The Drottningholm opera festival is held in a theatre that was untouched for a century. Michael Dervan reports from Stockholm
Time travel is not yet a feature of the tourist industry. But there are various experiences, some entirely natural, others man-made, which offer a sense of pleasurably vertiginous transport, as if to draw one into the air and ambience of time long past. Such an experience was had by a young historian of theatre, Agne Beijer, in 1921, when he fell upon the Drottningholm Court Theatre near Stockholm, which had lain untouched for over a century since the assassination there of Sweden's King Gustaf III.
The theatre, quite simply, had been preserved by neglect. Sets of original stage scenery had survived, some 15 complete, and even more in an incomplete state. The original stage machinery, allowing for elaborate but very quick scene changes, was intact. There was equipment for creating the effect of waves, cloud cars to deliver characters from heaven to earth, lighting machinery, even wind and thunder machines. And the decision seems to have been made that other people should share in this most unusual of time-warps. The intimate, 454-seat theatre, was soon open for public performance.
The theatre is still in use, mainly for the performance of opera during the summer months, and the Swedish authorities have managed the rare feat of keeping the atmosphere as that of a theatre, albeit a most unusual one - the front of house staff are dressed in 18th-century style, the men complete with wigs - rather than that of a museum. But nothing much has been done to hide the age of the building, or mask the wear and tear of the centuries.

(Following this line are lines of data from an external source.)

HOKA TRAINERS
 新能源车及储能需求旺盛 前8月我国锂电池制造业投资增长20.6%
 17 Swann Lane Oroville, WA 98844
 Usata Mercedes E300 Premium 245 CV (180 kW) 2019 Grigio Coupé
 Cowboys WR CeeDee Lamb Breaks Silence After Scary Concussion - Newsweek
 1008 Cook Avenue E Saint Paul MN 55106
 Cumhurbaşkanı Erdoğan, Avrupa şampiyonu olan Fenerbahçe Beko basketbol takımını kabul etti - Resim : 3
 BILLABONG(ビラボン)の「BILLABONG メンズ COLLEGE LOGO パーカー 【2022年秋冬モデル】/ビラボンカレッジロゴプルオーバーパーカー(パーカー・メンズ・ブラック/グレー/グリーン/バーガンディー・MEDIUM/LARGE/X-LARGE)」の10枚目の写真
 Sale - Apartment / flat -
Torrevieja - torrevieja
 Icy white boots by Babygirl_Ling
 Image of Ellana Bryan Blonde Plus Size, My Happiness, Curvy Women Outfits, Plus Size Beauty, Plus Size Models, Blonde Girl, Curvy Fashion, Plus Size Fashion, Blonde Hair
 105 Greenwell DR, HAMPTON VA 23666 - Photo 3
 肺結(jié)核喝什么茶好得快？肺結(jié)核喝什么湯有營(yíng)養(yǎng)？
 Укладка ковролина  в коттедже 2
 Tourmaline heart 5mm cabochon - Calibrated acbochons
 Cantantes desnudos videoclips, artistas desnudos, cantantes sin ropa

The wear, in fact, though now carefully monitored and controlled, is part of the Drottningholm experience. The venue is not only old in general, but also - blatantly - in detail, in ways that no one can miss, from wallpaper to wood to details of paint and decoration.
The auditorium is even more intimate than that of the Wexford Festival, though the stage is, by comparison, huge. With a depth of 20 metres, it's still, in the 21st century, one of the deepest in Sweden - the depth is used to achieve those steep perspectives which were such a feature of opera stagings in the 18th century. The acoustic is clear and open, the sort of acoustic which doesn't impinge on the ear. To paraphrase Stravinsky (who was talking about orchestration), a good acoustic is one you just don't notice.
The 2002 operas at Drottningholm were Edouard du Puy's 1814 Swedish Singspiel, Ungdom och Dårskap (Youth and Folly), Mozart's Magic Flute in Swedish, and Handel's Tamerlano, in a production by Pierre Audi, with Christophe Rousset conducting the period instruments of the Drottningholm Theatre Orchestra, which included pairs of oboes, flutes, recorders and clarinets.
Tamerlano contains some of Handel's finest dramatic music, which the composer provided not for the Tartar emperor of the title, but for Bajazet, the Ottoman sultan he holds captive. Tamerlano, the confidently imperious counter tenor Bejun Mehta, although already betrothed, falls in love with Bajazet's daughter Asteria, the sure and true soprano, Sandrine Piau. Asteria, seeing a chance to poison her oppressor, plays along, much to the consternation of those closest to her. The Greek prince Andronico, the conflicted contralto Anna Larsson, finds himself drawn into Tamerlano's intrigue, although he is himself in love with Asteria. And Tamerlano survives Asteria's poison only through the intervention of the rejected Irene, princess of Trebizond, whose complex nobility is well caught by mezzo soprano Kristina Hammarström.
The star of the show, however, is tenor Nigel Robson's Bajazet, whose black despair and fatherly fury lead ultimately to suicide, and a scene of emotional maelstrom that Robson threw himself into with an appearance of reckless abandon, dramatic in the extreme, yet musically focused, even at its most audacious.
Audi's direction subtly underpinned the relationships in a politico-amorous hothouse, with Patrick Kinmonth choosing to echo the 18th century in his costumes, and Matthew Richardson's lighting providing some striking floods that somehow seemed to keep in within the spirit of this unique venue, with its candle-dim auditorium and its air of long-lost time and place.